### What you have to do
Starting at the first line of the material below and stopping after the line that includes "You'll love this", write the lines out again exactly. Drop any pictures.

### Provided material
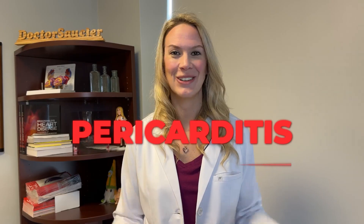Hello, my name is Dr. Stephanie Sossier. I'm a board-certified cardiologist, and today we're going to be talking about pericarditis. So let's dive in.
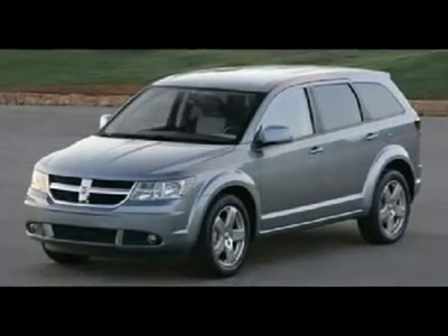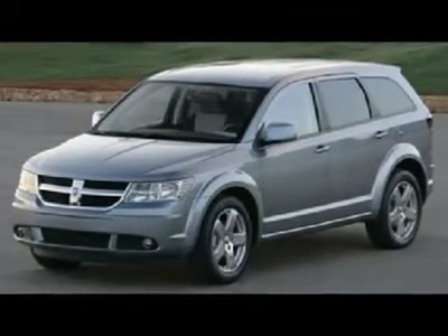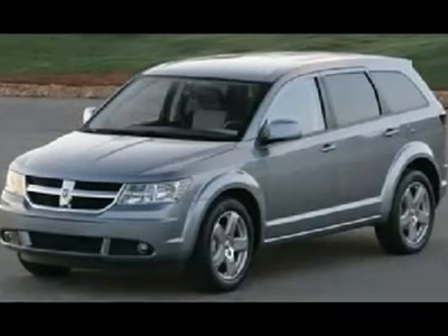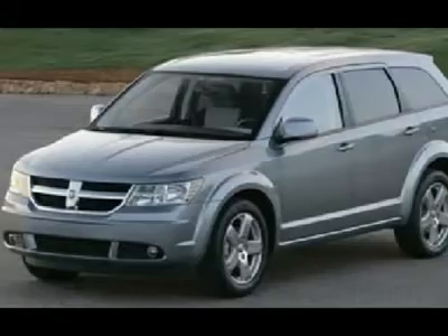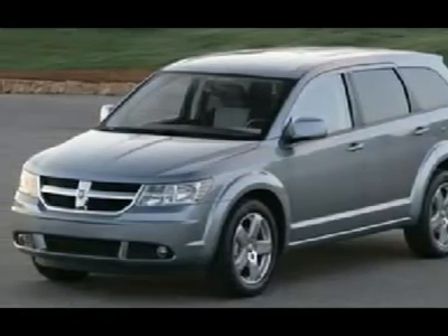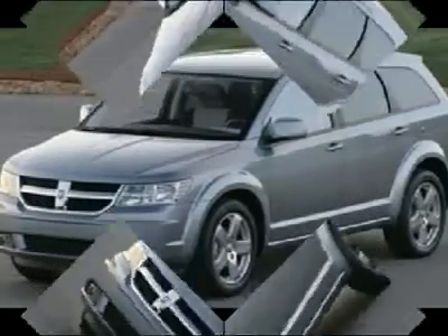You'll love this 2010 Dodge Journey. This is a car you'll want to take home. With 1 mile, it features automatic transmission and an exterior color of deep water blue pearl. Call us and be the first to open the car door today.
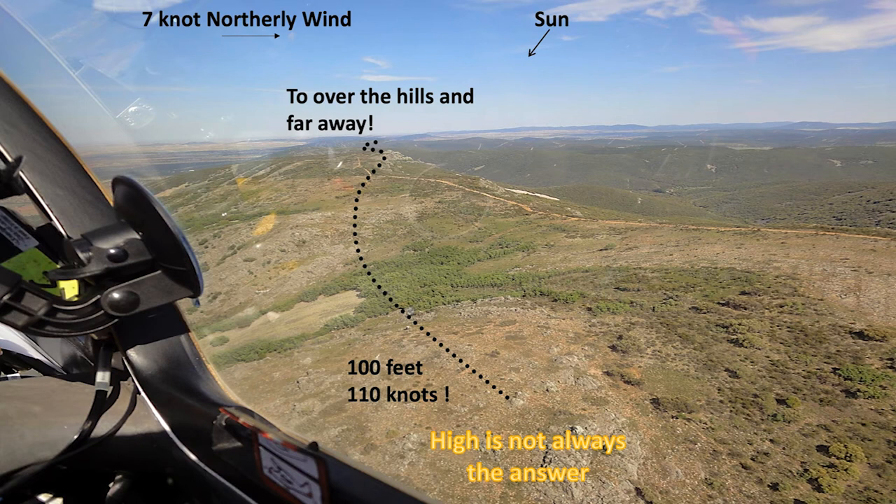Here we have a 7-knot northerly wind, the sun is to the right, and we're romping along at about 100 to 110 knots over the hills. So high is not always the answer for going cross country. However, you need to develop some experience and be taught how to recognise that this is going to be successful, or you'll be down in the valley in a field.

### Output for this task
Hello, my name is Dr. Stephanie Sossier. I'm a board-certified cardiologist, and today we're going to be talking about pericarditis. So let's dive in.
You'll love this 2010 Dodge Journey. This is a car you'll want to take home. With 1 mile, it features automatic transmission and an exterior color of deep water blue pearl. Call us and be the first to open the car door today.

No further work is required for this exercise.